#938. Pi (Darren Aronofsky, 1998)

★★★★½ (9/10)

pi darren

Rodada con un presupuesto mínimo, la ópera prima de Darren Aronosfky se destaca por su estética visual altamente contrastada y el uso de efectos sonoros estridentes. El título puede prestarse a confusión si esperamos ver una película sobre números o sobre matemáticas. Es cierto que hay algo de eso, pero el eje no es tanto el mundo de los números, sino más bien el estudio de la psiquis humana en relación a las obsesiones.
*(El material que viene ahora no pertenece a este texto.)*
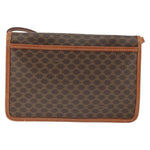 Celine Vintage Macadam Circle Logo Shoulder Bag Canvas and Leather - image 2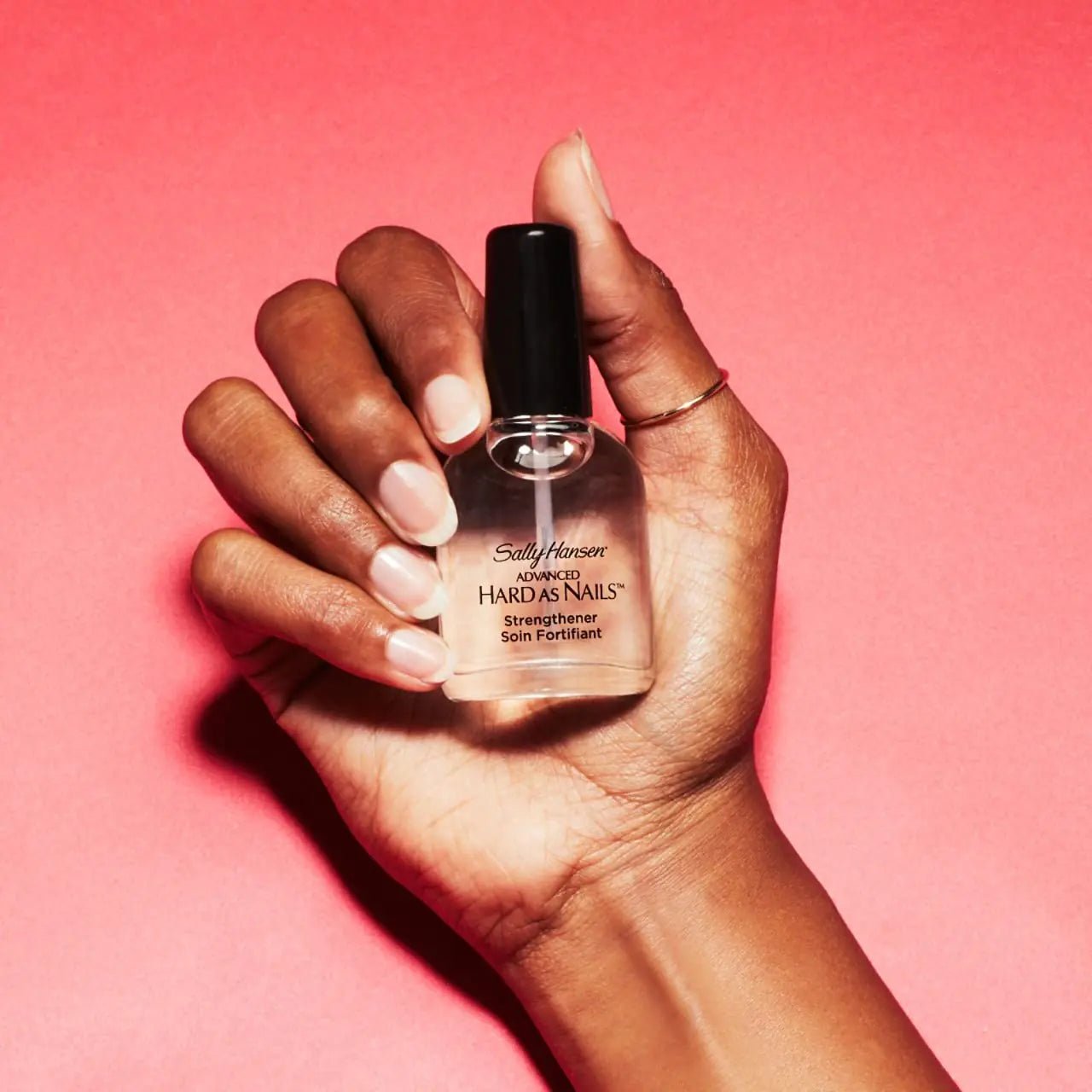 Sally Hansen Advanced Hard as Nails™ | Clear Nail Strengthener with Retinol & Nylon, High Shine Finish, 0.45 Fl Oz - GNS Beauty & Personal Care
Temáticamente, la película se sitúa en el umbral entre el thriller y la ciencia ficción: el protagonista está convencido de que detrás de los números existen patrones absolutos que se repiten en diferentes instancias de la vida y ese convencimiento lo lleva a pasar horas y horas delante de sus computadoras, interpretando, analizando y tratando de darle sentido al caos numérico. Max (Sean Gullette) vive en un estado de agitación constante. La cámara lo sigue, aferrada a su cuerpo, vaya adonde vaya. Recurrentemente sufre de migrañas severas, que lo obligan a darse inyecciones y tomar drogas de todo tipo y color. Todo a su alrededor es sospechoso, por un lado hay gente de Wall Street persiguiéndolo para hacer usufructo comercial de sus investigaciones (su trabajo consiste en buscar patrones numéricos en la bolsa de valores, o como él la llama, “la representación numérica de la economía global”) y por el otro, es víctima de un grupo de judíos fanáticos en busca de respuestas divinas en forma de números. Pero todo se nubla cuando comenzamos a experimentar los lapsus de Max, no podemos discernir la realidad de los sueños, lo real de lo ficticio, y es ahí donde se encuentra lo más atrapante de la película: Max se obsesiona tanto con una serie de números que va perdiendo noción de su realidad circundante.

El montaje parece emanar de la propia mente del protagonista, las imágenes están enrarecidas y su consecutividad parece ser una metáfora de una larga serie de números inconexos. La película transmite en imágenes lo que se desprende de su argumento, como si la forma de describir una idea fuera apelando estéticamente a esa misma idea (el blanco y negro de la imagen puede llegar a tener relación con el sistema binario). Es interesante también como se alternan imágenes reales con imágenes de computadora o altamente manipuladas. Hasta se puede decir que el propio cerebro de Max funciona como una computadora. En ese sentido, no es ilógico pensar en Pi como una película de referencia para la realización de Matrix, un año posterior.